Dataset START

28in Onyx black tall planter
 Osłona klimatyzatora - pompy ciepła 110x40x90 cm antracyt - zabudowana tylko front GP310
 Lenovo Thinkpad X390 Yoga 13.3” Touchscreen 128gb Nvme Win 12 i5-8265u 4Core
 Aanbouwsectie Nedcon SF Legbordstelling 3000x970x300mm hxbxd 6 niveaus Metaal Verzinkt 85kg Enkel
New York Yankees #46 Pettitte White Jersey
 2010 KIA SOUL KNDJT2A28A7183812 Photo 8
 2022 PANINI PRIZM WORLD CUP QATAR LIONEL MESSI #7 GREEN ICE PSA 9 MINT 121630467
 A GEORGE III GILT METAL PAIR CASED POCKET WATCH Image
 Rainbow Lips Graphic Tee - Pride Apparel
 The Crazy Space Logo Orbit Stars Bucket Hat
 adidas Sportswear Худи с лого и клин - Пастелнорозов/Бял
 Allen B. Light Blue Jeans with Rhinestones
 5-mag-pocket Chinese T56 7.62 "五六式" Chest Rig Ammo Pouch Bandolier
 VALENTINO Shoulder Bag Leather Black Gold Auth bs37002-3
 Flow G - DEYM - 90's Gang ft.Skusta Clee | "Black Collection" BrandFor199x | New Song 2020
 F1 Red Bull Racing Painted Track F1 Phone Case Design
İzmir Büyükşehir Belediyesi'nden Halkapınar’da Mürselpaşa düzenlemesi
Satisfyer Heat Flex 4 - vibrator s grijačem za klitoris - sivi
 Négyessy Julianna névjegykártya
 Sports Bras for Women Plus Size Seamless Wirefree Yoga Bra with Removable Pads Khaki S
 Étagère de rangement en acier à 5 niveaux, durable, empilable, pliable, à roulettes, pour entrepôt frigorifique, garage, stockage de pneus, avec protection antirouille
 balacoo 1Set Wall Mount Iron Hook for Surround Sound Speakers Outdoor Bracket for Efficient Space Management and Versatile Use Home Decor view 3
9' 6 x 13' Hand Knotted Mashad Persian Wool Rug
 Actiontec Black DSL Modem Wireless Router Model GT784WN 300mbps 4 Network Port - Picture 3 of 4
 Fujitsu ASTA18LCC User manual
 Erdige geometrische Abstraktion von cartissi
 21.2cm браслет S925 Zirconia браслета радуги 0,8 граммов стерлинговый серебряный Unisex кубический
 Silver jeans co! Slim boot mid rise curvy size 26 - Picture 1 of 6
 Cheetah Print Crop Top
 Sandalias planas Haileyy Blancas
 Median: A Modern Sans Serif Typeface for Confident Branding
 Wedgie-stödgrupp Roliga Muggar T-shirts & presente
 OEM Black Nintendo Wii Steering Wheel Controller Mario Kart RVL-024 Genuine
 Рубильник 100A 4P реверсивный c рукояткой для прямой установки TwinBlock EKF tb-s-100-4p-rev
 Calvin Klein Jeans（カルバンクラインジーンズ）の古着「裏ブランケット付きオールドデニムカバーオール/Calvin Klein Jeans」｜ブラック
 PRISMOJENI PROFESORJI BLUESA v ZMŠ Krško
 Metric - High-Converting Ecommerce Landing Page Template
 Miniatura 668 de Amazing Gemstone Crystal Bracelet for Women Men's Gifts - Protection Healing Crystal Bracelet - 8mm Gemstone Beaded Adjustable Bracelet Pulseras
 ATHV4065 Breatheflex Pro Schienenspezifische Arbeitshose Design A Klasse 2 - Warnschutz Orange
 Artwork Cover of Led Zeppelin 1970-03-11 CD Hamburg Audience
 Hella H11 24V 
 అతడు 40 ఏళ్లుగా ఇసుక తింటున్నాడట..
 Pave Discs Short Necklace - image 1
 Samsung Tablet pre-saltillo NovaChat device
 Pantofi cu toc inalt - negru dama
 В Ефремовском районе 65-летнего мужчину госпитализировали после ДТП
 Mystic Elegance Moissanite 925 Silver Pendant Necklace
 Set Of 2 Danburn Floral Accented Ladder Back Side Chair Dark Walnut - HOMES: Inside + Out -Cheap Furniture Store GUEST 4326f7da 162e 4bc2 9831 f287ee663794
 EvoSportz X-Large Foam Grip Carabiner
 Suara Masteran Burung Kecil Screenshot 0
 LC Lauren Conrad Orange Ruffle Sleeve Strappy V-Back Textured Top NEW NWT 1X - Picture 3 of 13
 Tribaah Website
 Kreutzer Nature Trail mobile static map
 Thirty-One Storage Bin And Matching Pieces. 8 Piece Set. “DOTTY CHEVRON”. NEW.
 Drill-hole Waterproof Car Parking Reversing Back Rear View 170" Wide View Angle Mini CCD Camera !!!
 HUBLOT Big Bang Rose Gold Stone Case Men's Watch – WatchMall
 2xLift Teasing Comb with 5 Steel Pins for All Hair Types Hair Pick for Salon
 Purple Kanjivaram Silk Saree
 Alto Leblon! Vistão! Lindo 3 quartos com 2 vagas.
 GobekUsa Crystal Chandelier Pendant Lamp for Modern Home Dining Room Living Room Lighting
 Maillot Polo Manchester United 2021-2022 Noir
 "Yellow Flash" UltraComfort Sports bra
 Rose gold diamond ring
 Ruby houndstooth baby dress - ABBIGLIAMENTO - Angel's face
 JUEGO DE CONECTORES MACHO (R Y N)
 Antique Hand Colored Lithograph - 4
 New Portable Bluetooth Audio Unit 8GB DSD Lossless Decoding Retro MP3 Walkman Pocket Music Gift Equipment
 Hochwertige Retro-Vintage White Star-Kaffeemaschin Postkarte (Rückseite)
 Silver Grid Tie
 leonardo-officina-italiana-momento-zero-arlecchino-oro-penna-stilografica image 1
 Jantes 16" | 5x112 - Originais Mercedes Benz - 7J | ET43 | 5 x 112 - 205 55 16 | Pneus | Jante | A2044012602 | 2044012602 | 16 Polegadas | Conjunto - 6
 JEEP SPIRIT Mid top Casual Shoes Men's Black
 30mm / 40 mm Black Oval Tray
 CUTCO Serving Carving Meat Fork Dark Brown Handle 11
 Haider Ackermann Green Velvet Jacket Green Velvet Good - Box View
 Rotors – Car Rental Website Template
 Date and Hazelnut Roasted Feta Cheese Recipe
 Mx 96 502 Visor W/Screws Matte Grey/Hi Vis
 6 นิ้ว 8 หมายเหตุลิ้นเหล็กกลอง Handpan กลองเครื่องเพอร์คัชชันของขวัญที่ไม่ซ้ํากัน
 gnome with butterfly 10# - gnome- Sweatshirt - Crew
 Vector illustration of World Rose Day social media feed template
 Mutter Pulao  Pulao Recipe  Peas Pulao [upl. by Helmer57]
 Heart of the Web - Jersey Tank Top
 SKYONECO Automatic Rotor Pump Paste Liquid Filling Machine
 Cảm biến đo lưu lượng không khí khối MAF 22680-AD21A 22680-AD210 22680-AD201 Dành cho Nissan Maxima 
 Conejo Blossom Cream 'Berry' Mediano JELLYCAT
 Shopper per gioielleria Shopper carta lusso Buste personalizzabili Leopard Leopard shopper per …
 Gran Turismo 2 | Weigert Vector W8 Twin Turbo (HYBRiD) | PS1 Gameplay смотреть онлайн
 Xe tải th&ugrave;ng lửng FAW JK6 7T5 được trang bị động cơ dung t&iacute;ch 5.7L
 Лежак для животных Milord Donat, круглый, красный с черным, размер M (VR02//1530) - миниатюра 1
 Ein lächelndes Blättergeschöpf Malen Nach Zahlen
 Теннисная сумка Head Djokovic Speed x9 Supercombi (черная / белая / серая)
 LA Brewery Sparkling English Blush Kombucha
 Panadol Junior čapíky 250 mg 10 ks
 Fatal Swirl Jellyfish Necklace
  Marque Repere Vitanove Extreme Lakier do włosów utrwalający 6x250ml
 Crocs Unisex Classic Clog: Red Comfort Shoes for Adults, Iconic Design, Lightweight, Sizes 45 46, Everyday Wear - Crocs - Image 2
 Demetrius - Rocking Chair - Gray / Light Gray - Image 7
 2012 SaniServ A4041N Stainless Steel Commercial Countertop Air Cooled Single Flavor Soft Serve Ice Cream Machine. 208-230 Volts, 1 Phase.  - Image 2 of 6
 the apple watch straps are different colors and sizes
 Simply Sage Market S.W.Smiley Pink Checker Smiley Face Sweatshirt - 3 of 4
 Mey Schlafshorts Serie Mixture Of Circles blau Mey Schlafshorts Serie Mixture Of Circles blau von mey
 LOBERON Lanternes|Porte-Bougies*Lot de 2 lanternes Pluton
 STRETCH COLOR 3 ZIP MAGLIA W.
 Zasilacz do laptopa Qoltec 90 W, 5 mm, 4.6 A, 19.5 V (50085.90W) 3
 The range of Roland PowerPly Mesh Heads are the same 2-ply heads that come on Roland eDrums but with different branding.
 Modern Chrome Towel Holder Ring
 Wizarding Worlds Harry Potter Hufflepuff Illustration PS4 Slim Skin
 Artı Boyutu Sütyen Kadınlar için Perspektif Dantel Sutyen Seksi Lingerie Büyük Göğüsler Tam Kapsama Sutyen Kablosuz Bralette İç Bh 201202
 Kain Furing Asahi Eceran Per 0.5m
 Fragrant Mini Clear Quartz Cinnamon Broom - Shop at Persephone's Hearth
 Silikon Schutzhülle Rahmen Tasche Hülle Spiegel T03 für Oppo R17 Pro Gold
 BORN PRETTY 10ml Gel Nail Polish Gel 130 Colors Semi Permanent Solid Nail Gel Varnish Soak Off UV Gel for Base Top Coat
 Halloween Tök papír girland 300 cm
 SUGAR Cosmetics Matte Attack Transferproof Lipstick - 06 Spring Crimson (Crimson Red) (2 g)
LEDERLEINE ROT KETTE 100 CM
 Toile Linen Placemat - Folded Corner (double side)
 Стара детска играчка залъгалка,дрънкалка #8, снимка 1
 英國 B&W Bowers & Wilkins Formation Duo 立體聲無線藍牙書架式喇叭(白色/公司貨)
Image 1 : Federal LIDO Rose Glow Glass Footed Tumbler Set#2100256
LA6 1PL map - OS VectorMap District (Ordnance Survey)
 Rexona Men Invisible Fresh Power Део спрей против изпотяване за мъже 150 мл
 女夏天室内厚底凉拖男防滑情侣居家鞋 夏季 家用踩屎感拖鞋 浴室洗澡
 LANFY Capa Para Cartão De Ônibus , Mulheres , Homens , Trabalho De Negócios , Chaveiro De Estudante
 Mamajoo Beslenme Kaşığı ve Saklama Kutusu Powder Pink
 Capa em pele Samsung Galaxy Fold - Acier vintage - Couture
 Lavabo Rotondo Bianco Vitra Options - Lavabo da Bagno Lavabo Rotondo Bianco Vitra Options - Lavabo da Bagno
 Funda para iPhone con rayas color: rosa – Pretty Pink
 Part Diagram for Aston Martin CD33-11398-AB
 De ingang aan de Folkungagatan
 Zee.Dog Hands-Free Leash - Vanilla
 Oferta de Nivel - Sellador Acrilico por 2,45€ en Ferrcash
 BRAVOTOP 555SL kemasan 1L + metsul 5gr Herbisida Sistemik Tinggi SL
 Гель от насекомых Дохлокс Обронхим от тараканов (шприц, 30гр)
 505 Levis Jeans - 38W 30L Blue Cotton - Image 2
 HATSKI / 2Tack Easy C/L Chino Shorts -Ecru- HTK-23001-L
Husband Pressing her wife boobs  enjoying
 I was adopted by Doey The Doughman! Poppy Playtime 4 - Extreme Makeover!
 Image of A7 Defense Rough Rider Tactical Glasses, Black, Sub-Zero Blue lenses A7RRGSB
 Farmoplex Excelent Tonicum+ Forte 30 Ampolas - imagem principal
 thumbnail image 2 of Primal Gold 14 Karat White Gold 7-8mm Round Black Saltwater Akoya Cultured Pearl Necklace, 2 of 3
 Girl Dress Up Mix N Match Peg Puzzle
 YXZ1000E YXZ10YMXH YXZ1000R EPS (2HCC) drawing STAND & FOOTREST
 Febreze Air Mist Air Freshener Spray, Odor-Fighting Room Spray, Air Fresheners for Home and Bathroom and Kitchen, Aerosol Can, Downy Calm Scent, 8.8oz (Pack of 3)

Dataset END

• Goal of the exercise:
Starting with the line with "Fatal Swirl Jellyfish Necklace" above and going on through the line with "Crocs Unisex Classic", transcribe every line exactly, both ends included, and add nothing.

• Result:
 Fatal Swirl Jellyfish Necklace
  Marque Repere Vitanove Extreme Lakier do włosów utrwalający 6x250ml
 Crocs Unisex Classic Clog: Red Comfort Shoes for Adults, Iconic Design, Lightweight, Sizes 45 46, Everyday Wear - Crocs - Image 2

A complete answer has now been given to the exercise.